Automaker sales of light vehicles declined -6.1% in June, as the Eurozone crisis continues unchecked for more than five yars. Four of the five major markets were lower, the exception once again being the UK. The drop was in stark contrast to the recovering U.S. auto market, which is within a year or two to obtaining pre-Great Depression levels and the booming Chinese market,which at 23 million or more units this year will once again be the world’s largest.
Once again the specter stalking European politicians whose austerity policies induced the ongoing human tragedy, is the their leadership role in the unchecked decline, which much like the decline of European power after a generation was slaughtered during WW1 is looking to be structural and permanent.

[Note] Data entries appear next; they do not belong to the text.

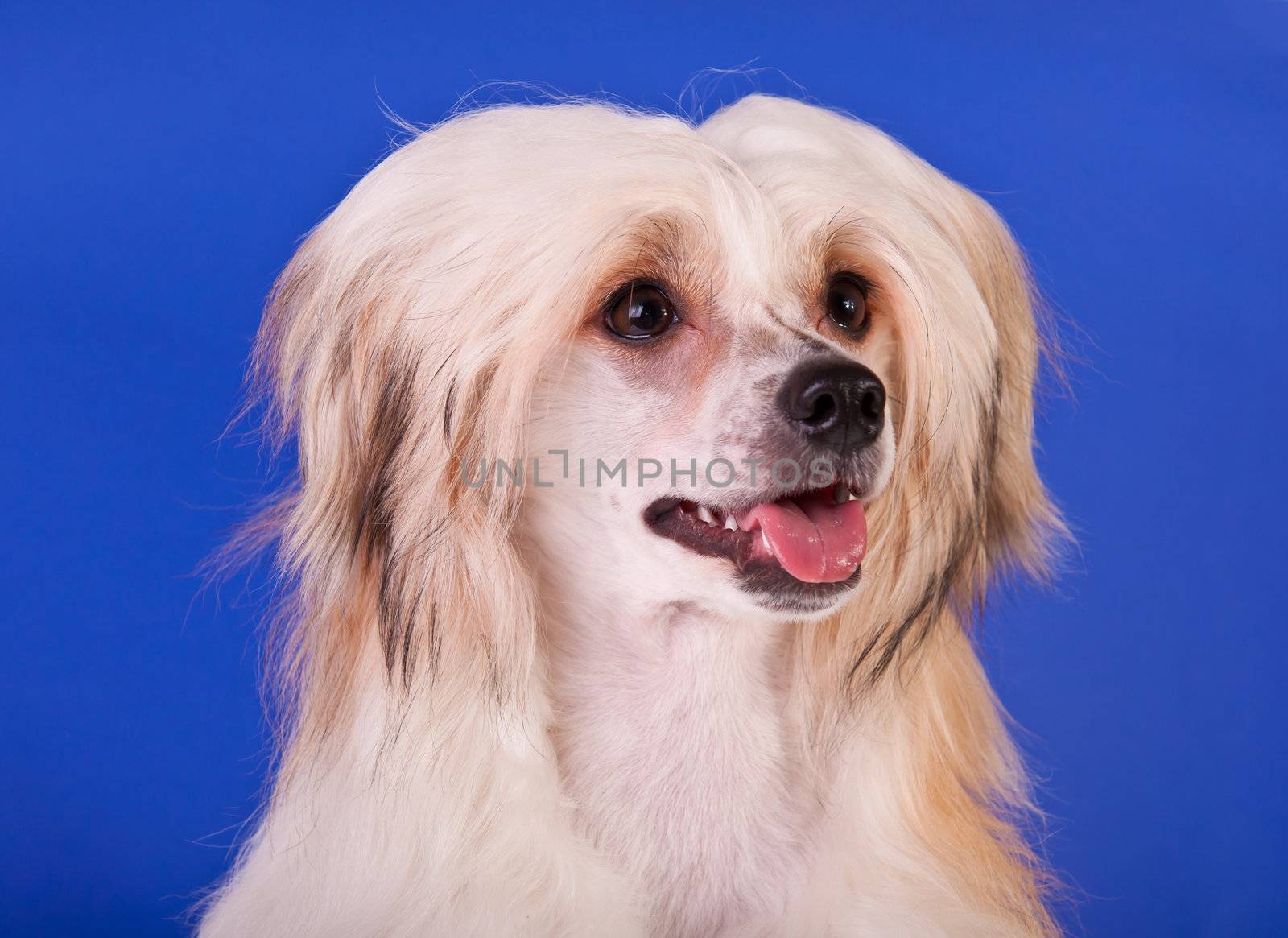 Groomed Chinese Crested Dog sitting - Powderpuff, 10 month old.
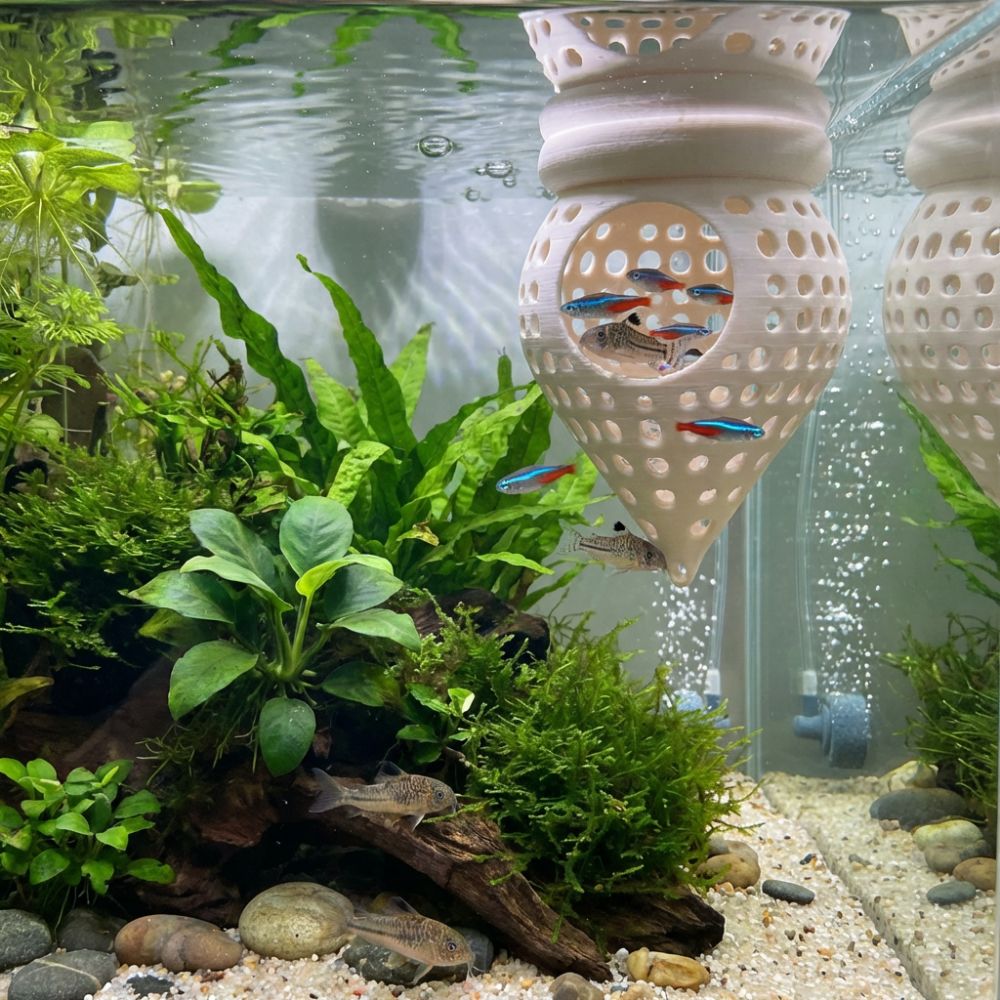 3D Printed Floating Fish Hammo - đánh giá và giá Aquarium Fish Food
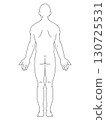 Anatomical straight male back line drawing 130725531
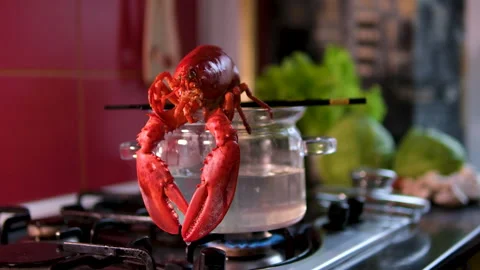 Lobsters in pot of boiling water begin to cook - close up as waves of hit escape Stock Footage 302092683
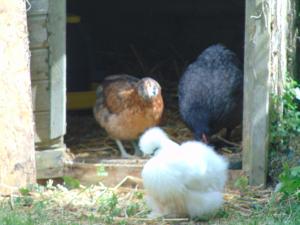 La chauviere photo 21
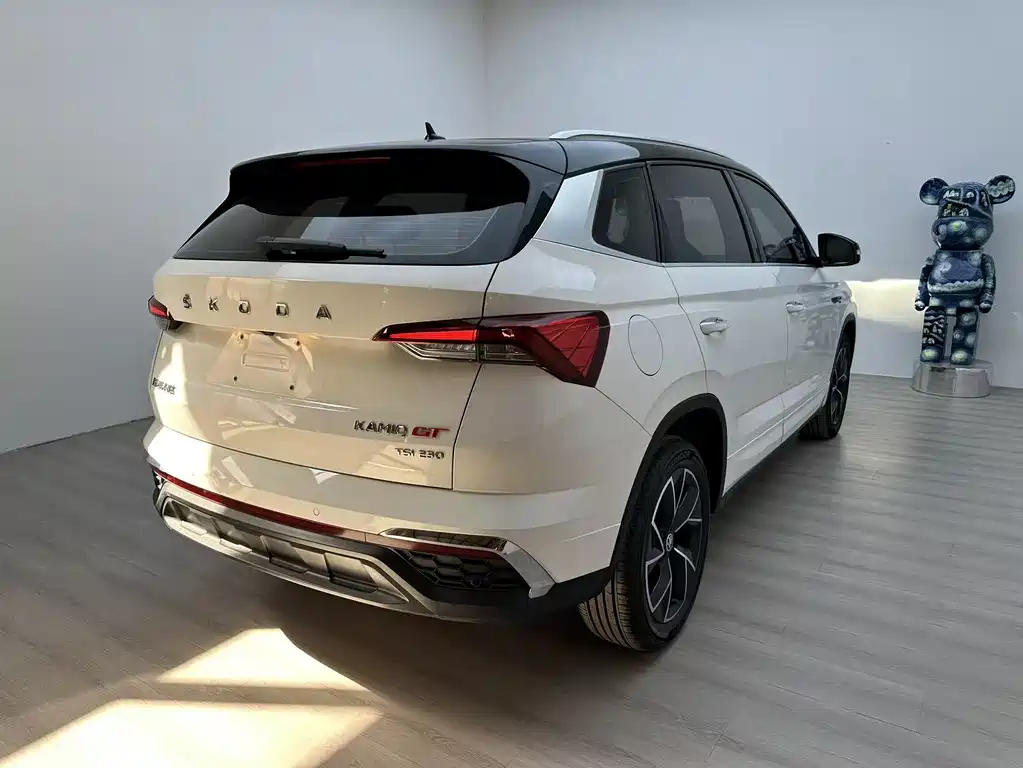 Skoda Kamiq 2021 — фото 8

Particularly worrisome was Germany, the largest economy in the EU with sales down by -4.7%, and the year‐to‐date market plummeting by -8.1%. Germany facing elections in September will see its auto industry dip under 3 million units for the full year.
France, Italy and Spain were all lower in June, though the selling rates look a slightly stronger than in previous months. The UK remains a bright spot in the region, as private sales continue to expand rapidly, up by 20% in June.
The selling rate for June was 11.7 million units annually, the strongest result of the year to date, but the full year forecast from LMC Automotive, the source of the latest data, is still negative with a drop of -3% to -4% compared to 2012, albeit half the drop previously forecast.
Of the smaller West Europe counties, the Netherlands looks set for a major fall this year, down 36% for the first six months of the year in the face of a significant economic headwind.